> **Task directions**
Going through the data below, copy out each line where the word "Photo" shows up.

# # # # # # #

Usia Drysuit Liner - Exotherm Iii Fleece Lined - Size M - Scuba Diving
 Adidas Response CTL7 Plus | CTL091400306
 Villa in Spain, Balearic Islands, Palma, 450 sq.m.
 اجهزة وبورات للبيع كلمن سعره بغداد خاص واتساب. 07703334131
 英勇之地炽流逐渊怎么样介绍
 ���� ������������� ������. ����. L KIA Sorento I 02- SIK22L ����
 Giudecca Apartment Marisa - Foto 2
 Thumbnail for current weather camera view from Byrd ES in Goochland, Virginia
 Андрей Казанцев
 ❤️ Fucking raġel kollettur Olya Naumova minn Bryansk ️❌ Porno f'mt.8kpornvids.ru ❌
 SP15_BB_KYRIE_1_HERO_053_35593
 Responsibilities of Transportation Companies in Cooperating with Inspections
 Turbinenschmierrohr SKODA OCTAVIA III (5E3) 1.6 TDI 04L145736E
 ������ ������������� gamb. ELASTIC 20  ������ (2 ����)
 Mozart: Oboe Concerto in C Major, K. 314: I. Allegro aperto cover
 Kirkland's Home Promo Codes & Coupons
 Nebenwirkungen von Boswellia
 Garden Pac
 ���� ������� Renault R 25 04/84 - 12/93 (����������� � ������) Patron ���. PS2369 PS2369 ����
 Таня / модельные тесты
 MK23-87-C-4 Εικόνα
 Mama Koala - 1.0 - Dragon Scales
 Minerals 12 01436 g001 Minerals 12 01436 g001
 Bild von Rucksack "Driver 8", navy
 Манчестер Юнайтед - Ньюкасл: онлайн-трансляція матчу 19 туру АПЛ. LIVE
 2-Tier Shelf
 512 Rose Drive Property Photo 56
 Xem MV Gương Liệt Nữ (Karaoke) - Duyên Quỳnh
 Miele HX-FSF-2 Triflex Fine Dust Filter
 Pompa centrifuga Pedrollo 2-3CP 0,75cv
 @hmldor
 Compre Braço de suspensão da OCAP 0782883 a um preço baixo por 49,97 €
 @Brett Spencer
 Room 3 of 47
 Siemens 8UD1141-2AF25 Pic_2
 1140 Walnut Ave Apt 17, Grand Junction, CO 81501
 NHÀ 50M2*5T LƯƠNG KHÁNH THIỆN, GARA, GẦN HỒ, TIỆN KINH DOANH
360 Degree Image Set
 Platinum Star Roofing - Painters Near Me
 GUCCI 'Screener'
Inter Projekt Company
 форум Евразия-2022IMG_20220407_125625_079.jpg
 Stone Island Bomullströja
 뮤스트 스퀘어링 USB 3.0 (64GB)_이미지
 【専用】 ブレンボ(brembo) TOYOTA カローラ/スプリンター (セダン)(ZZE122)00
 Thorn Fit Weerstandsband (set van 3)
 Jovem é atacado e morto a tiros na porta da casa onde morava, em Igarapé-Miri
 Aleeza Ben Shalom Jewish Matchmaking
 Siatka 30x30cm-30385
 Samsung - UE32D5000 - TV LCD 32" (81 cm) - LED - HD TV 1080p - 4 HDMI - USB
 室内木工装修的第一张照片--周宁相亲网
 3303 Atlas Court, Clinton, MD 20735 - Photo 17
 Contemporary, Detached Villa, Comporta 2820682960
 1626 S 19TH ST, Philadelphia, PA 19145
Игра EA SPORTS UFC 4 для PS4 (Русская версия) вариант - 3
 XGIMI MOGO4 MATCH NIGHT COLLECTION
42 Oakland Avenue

# # # # # # #

> **Task output**
 512 Rose Drive Property Photo 56
 3303 Atlas Court, Clinton, MD 20735 - Photo 17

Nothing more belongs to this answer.